**Short text fragments from websites**
-*-*-

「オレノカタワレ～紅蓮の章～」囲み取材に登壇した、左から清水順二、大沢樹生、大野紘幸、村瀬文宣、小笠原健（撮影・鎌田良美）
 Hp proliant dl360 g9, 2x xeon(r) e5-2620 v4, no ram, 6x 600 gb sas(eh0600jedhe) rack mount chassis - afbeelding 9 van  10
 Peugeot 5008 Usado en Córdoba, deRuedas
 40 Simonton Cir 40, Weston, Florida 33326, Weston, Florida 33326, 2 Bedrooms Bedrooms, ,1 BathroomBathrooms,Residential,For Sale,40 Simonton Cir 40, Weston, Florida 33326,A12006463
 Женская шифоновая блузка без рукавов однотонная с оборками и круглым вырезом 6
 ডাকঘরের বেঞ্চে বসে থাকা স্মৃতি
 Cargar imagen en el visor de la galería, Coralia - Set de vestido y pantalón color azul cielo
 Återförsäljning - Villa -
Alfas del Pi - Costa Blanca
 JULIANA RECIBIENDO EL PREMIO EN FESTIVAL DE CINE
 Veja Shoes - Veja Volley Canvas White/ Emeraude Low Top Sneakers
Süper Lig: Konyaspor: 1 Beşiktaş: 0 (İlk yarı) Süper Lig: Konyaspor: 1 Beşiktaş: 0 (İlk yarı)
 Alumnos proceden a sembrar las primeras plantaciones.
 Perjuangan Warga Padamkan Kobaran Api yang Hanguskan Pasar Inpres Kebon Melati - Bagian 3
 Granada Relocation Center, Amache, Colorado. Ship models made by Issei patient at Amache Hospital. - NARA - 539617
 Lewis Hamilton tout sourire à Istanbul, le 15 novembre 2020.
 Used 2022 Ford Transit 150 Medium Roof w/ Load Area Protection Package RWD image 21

-*-*-

**WORK ORDER**
The lines from the start of the entries above through the line containing "Peugeot 5008 Usado en Córdoba, deRuedas" are the ones to return, please; copy them exactly and include both ends.

**SOLUTION TO THIS EXERCISE**
「オレノカタワレ～紅蓮の章～」囲み取材に登壇した、左から清水順二、大沢樹生、大野紘幸、村瀬文宣、小笠原健（撮影・鎌田良美）
 Hp proliant dl360 g9, 2x xeon(r) e5-2620 v4, no ram, 6x 600 gb sas(eh0600jedhe) rack mount chassis - afbeelding 9 van  10
 Peugeot 5008 Usado en Córdoba, deRuedas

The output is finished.